For starters, the idea of “as-a-service” has different implications for different users. An IT department may see it in terms of implementation, and a finance executive may see it in terms of how it’s paid for. In a recent article for Business2Community, Dave Brock attempts to unravel the language and break down “as-a-service” into the two different models.
SaaS (News - Alert) as an Implementation Model
This model, of course, will be more relevant to IT and operations since it describes how the solution is delivered. SaaS companies that discuss “the cloud” are hosting, maintaining and delivering the solution onto the client’s desktops without the need for the client’s IT department to do the work.
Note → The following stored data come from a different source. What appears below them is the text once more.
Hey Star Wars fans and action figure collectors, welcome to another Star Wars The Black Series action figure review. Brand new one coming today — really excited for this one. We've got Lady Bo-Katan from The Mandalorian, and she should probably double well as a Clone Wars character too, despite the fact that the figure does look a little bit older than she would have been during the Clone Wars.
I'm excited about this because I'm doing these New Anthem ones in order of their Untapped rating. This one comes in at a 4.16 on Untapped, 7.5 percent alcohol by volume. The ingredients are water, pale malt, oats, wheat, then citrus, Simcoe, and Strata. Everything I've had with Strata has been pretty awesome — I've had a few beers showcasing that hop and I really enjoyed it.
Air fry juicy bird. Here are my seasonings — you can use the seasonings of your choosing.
Years ago, it might have been described as a “hosted” solution.
“Basically it’s a variety of outsourcing and we’ve had these models for decades, if not longer,” wrote Brock. “Many companies no longer manufacture or service their own products, having companies do this for them. Virtually every part of a company can be outsourced (even sales–think of channel partners and other forms of outsourcing). It’s critical to maintain service/quality levels/reliability levels in those relationships. As sales people, our customers will be concerned about our ability to manage those.”
SaaS as a Payment Model
As the chief financial officer of a company what SaaS means to him or her, and that individual would probably tell you that it’s about a wildly different way of paying for software. The SaaS model eliminates the need to pay for software in a large upfront capital investment. Instead, paying is a month-to-month deal that usually comes out of operating income. It also means that companies pay for only what they need. In many ways, it also reduces risk for the companies purchasing the solutions on a SaaS basis since it’s more like renting, though the terms may vary greatly from company, so it’s important to compare them.
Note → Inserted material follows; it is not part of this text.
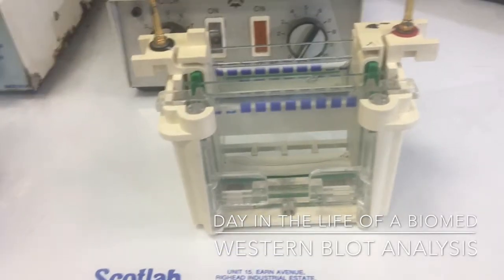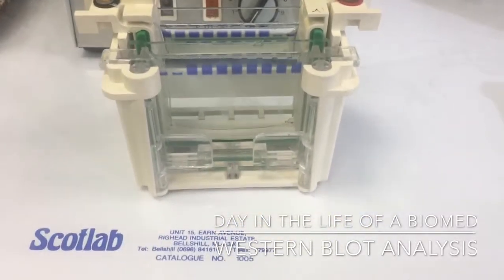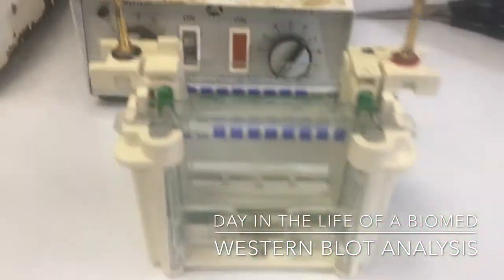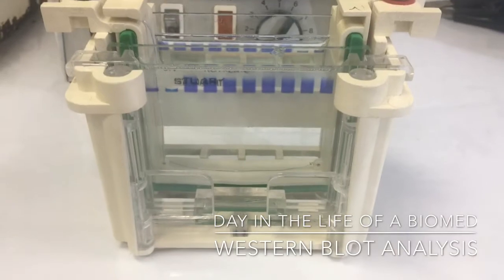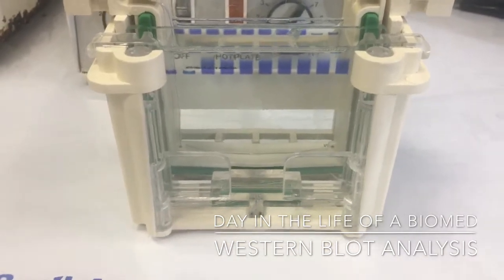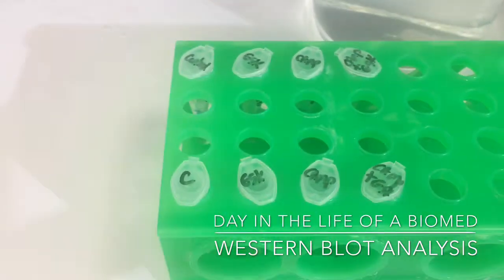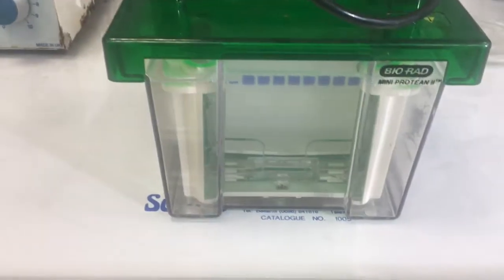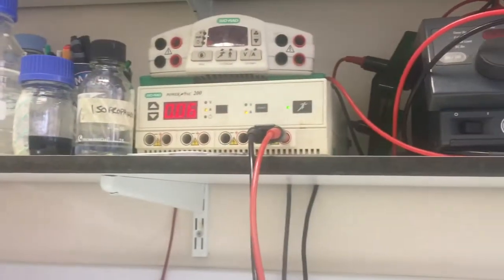Today I'm going to be doing a Western blot. The first step is the gel electrophoresis. These are my samples right here — I've just loaded them onto the gel and I'm going to run it in a minute. It's all set up and connected now.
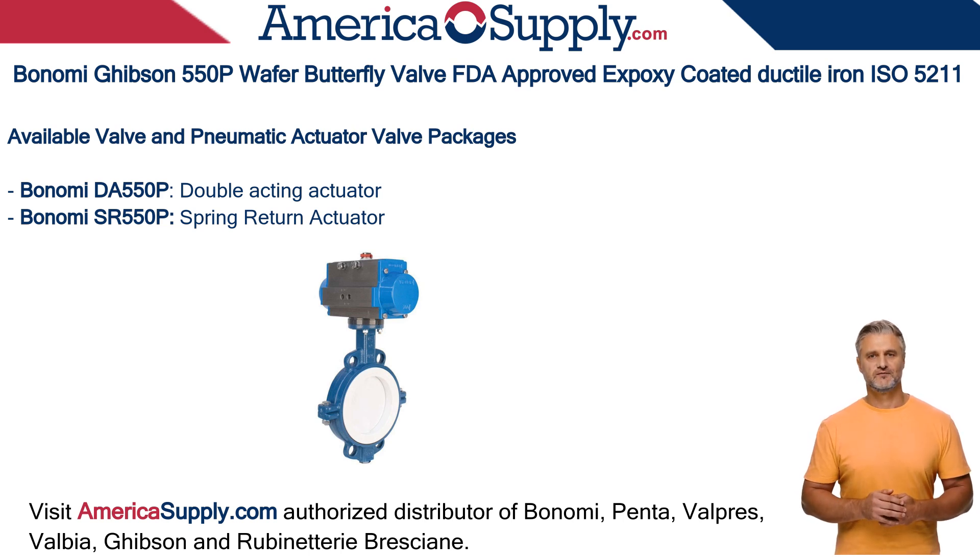This concludes today's video. Please visit Americasupply.com, your authorized distributor of Bonomi, Valpres, Valbia, Gibson, Pinta, and Rubinetterie Bresciane. Thank you for visiting.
“A lot of SaaS companies, at least in the early days, said ‘try it for a while, if you don’t like it, you can always cancel.’ As we look at current models, with SaaS contracts going up to three years, the financial decision may be different,” wrote Brock. “But, of course, this is not new. As consumers, with many ‘big ticket’ items, we’ve always had the alternatives of rent/lease/purchase. Even in B2B, we’ve had a variety of rental/lease/purchase/off balance sheet financing models. Customers and sales people (with strong financial acumen) have used these for decades to overcome cash flow, capital budget and other challenges.”
While there is a lot of excitement around SaaS – for good reason, since it can open up new opportunities and avenues, particularly for smaller companies – it’s critical to ensure that you’re making the right comparisons, and collecting the relevant details before you make a decision to sign a contract. It’s also important to differentiate between SaaS solutions that serve business-to-consumer customers and those that customize their SaaS for business-to-business support, such as TeamSupport. Once you’ve committed to a SaaS contract, getting out of it or changing the product to better suit your needs may not be as easy as some companies imply.